(SOURCE INFORMATION)
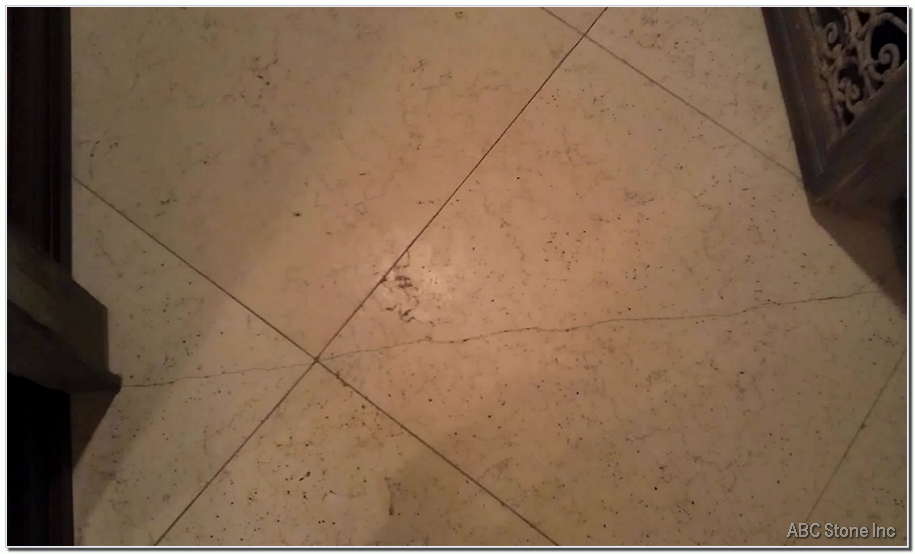Cracked marble tile on the floor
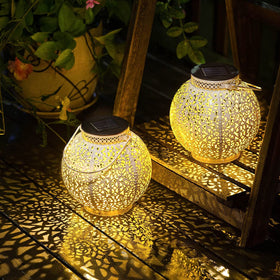 TAKE ME 2-pack white solar lanterns illuminate an outdoor garden scene.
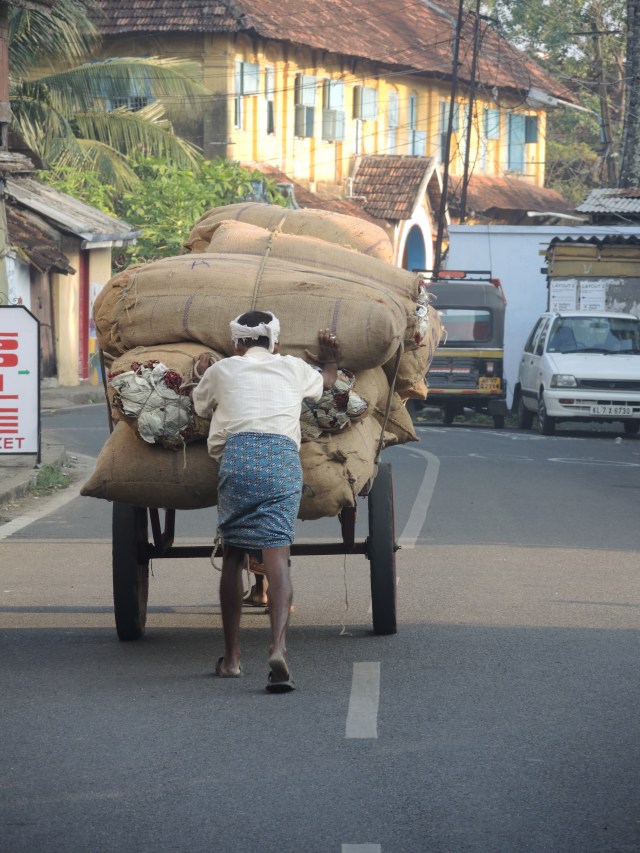 Man pushing cart on Jew Street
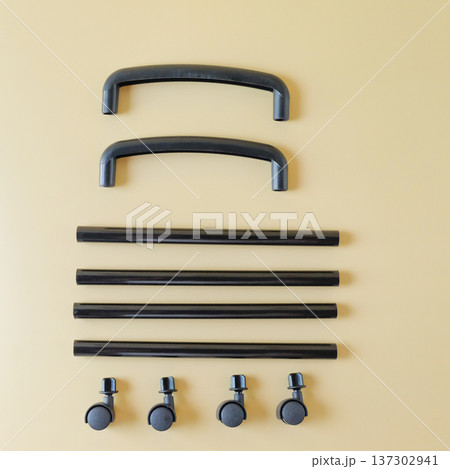 Black Plastic pipe with roller on color background. Black Plastic pipe with roller on color background. 137302941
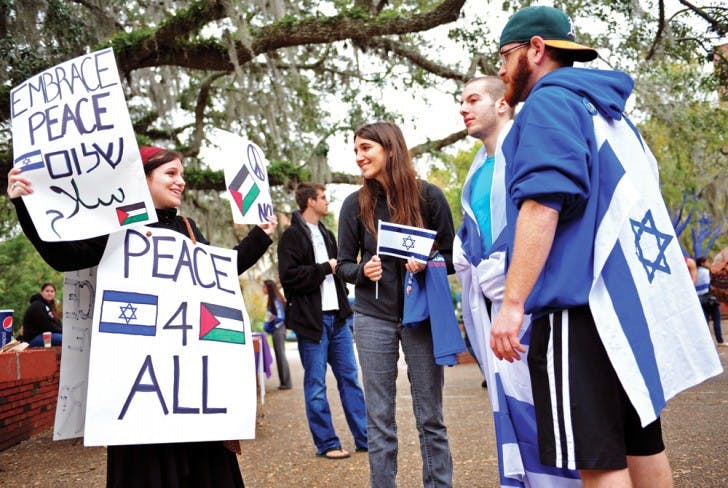 Jewish studies and political science student Jaimie Krass, 21, came independently to Turlington Plaza Thursday to promote peace during a rally split between support of Israel and Palestine. "Both sides are so preoccupied with pointing fingers," Krass said. "We've forgotten to come together for a common goal: peace."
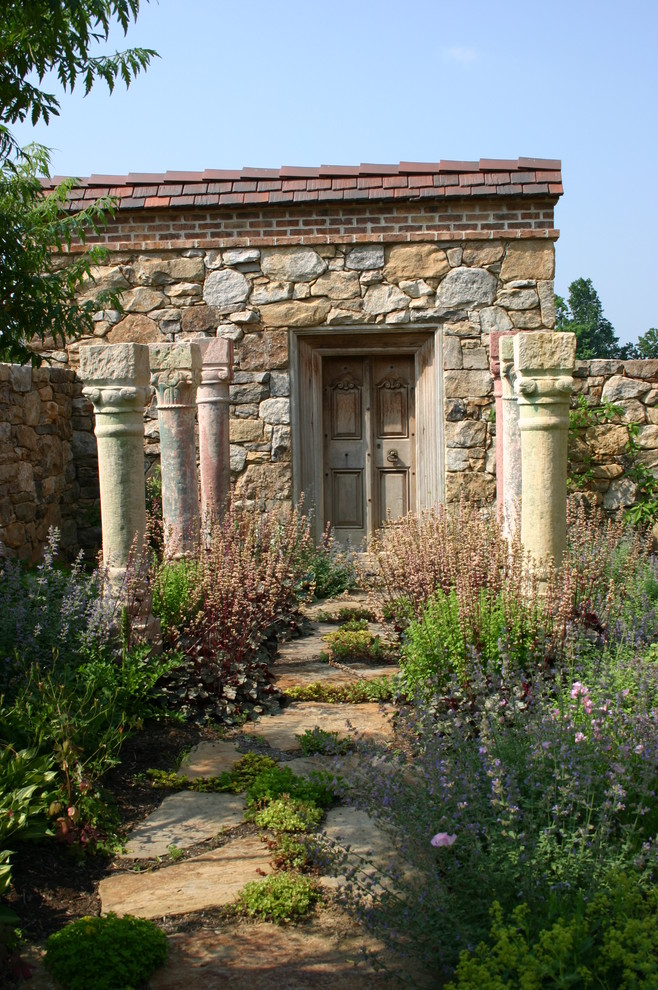 This is an example of a rustic back garden in Philadelphia with natural stone paving.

(TASK PROMPT)
Once the line containing "TAKE ME 2-pack" is found, transcribe it and the rest of the lines to the end of the listing above exactly, omitting all pictures.

(RESULT)
 TAKE ME 2-pack white solar lanterns illuminate an outdoor garden scene.
 Man pushing cart on Jew Street
 Black Plastic pipe with roller on color background. Black Plastic pipe with roller on color background. 137302941
 Jewish studies and political science student Jaimie Krass, 21, came independently to Turlington Plaza Thursday to promote peace during a rally split between support of Israel and Palestine. "Both sides are so preoccupied with pointing fingers," Krass said. "We've forgotten to come together for a common goal: peace."
 This is an example of a rustic back garden in Philadelphia with natural stone paving.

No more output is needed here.